LEGO_42055_WEB_PRI_1488
More complexity brings more components and relationships between them. (Lego 42055 BUCKET WHEEL EXCAVATOR)

 

Back in the future fabrication summit in Copenhagen, Nat Hunter Strategic Director of the Machines Room stressed the role of the designer as an actor of this new production model. Many other authors highlight this as an effect of digital technologies that combine the roles of designer and the manufacturer. We can see how digital technologies bring together activities that before were split into planning and building thanks to advances in simulation and the precision and speed of these new fabrication methods. We have shown above how product complexity management is one of these activities in planning that needs to be addressed if we are going to implement digital manufacturing in a distributed model successfully. Maybe it means that managers need to bring designers close or even become designers in order to create new ways of going around the problem of product complexity in distributed models.

Questions for the future

Considering managers as designers would open very interesting questions that can push the implementation of distributed manufacturing forward. What is the role of design in enterprise management software?
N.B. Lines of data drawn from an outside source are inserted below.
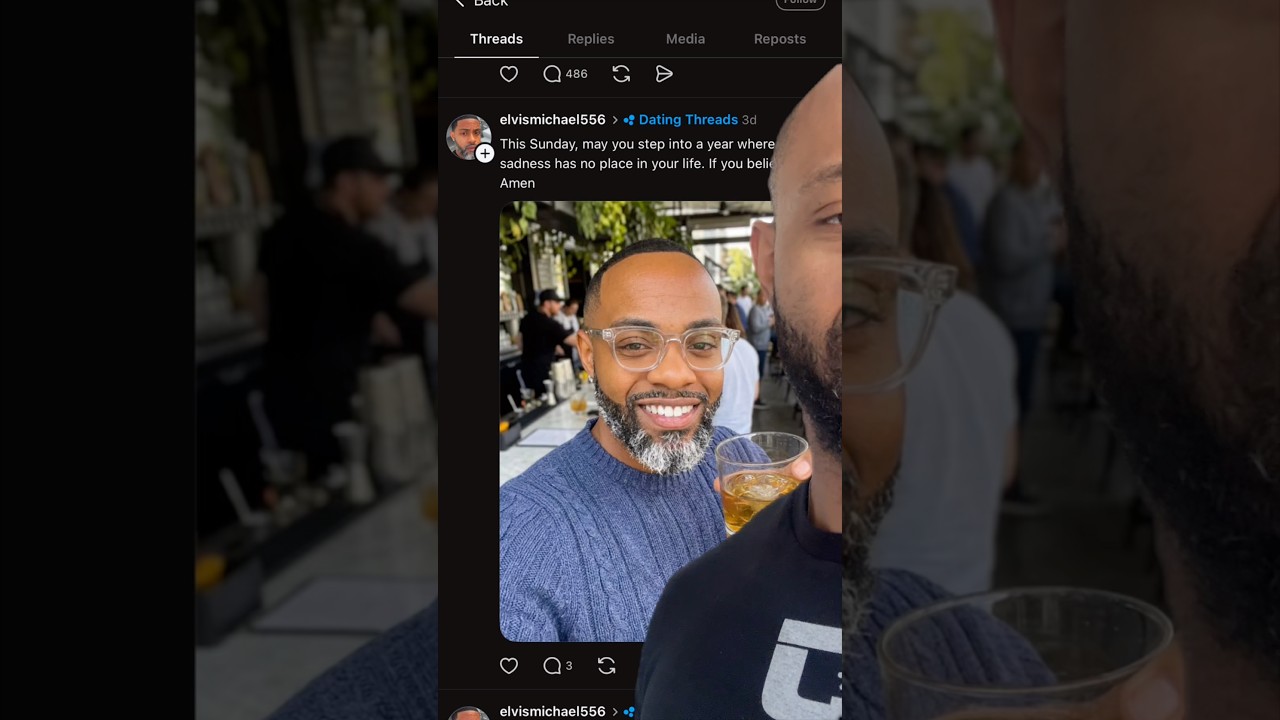 You got to be a weird MF to take my photos and act like you a older version of me 🧐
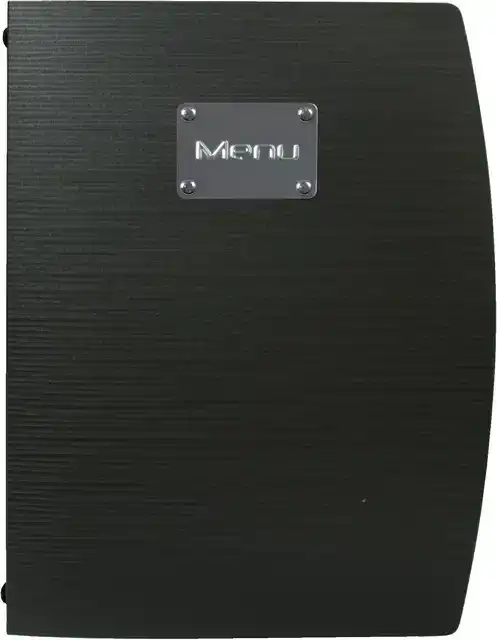 MENUKAART SECURIT RIO A4 1 X 2 TASSEN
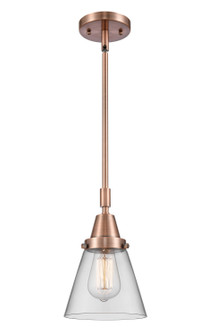 Caden One Light Mini Pendant in Antique Copper (405|447-1S-AC-G62)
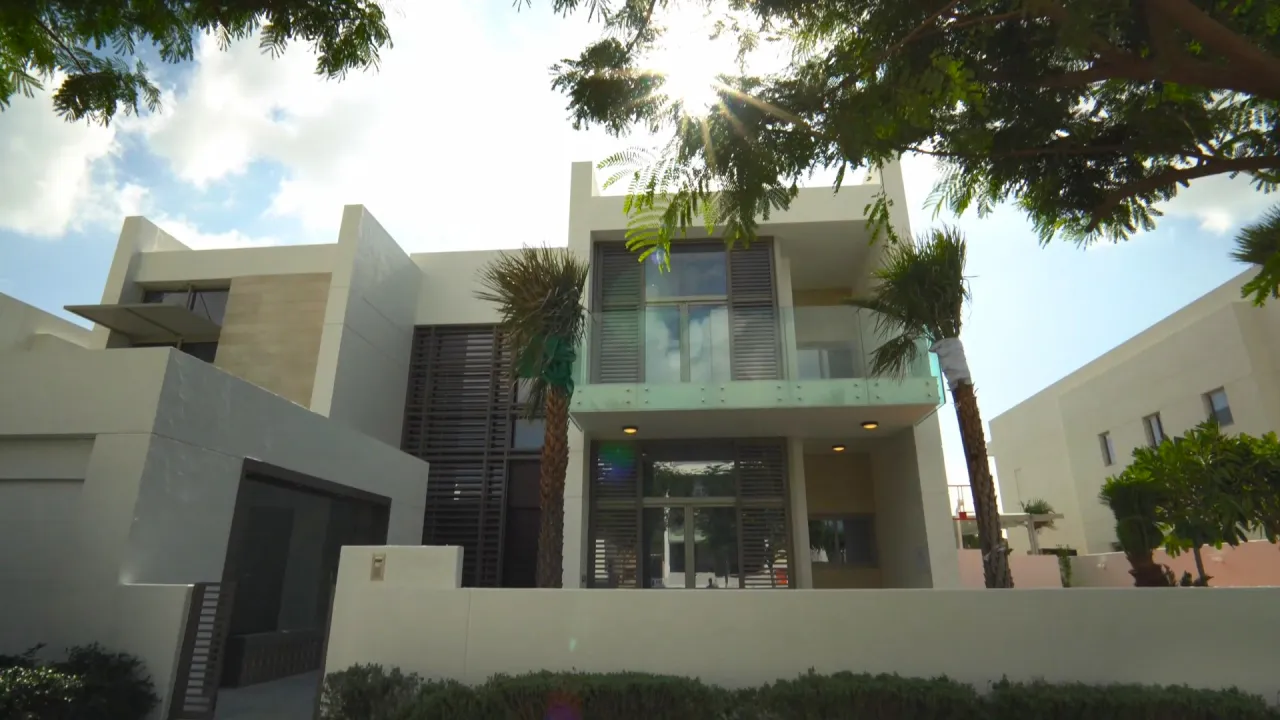 MBR villa renovation and extension in District One Dubai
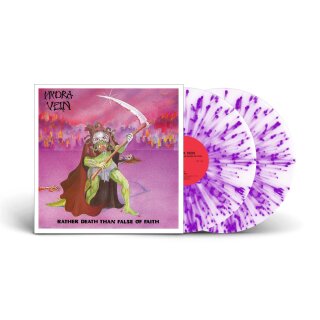 HYDRA VEIN -- Rather Death Than False of Faith  DLP  SPLATTER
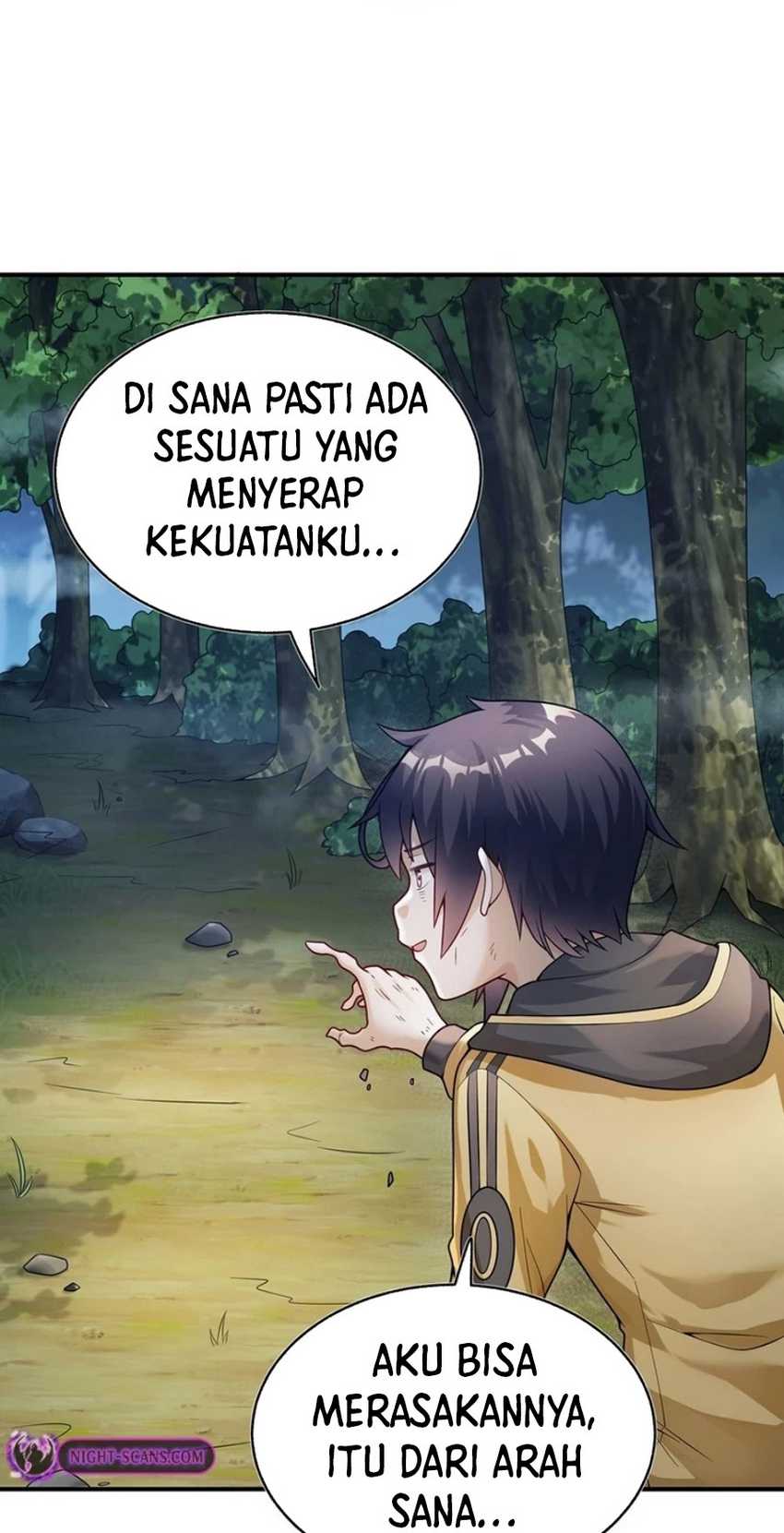Transformed Into A Piece Of Land Chapter 2 - halaman 6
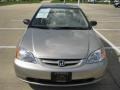 2003 Shoreline Mist Metallic Honda Civic LX Coupe  photo #5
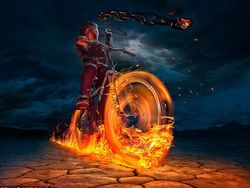 Berkat Photoshop, Ayah Jadikan Anaknya Bak di Negeri Dongeng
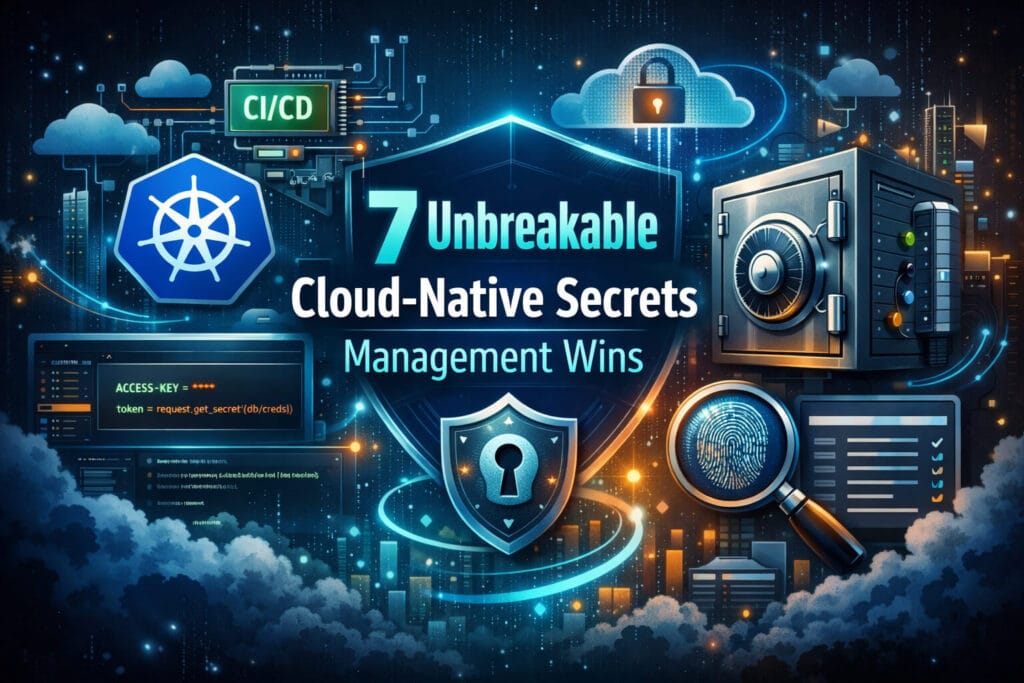 7 Unbreakable Cloud-Native Secrets Management Wins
How can we manifest product complexity in ways that facilitate talking about it and sharing? How do roles inside a digital manufacturing enterprise should evolve to accommodate distributed manufacturing? Which is the place of product design inside management and entrepreneurship? However, the main question that we have to answer is the question of innovation. Innovation is the main differentiator of new businesses, it makes space for them to survive and create new market opportunities. As mentioned above, novelty is commonly related to product complexity. Hence, novel businesses are usually complex as a result of their innovative solution. Does this mean that there can’t be new product development through distributed manufacturing? Are distributed manufacturing models only possible if we manufacture simple products? More work is needed in order to answer these questions. Luckily, projects such as the FabCity prototype in Poblenou, Barcelona and the Maker Mile in London will throw some clues that will help us evaluate if distributed manufacturing is a viable alternative for new business making.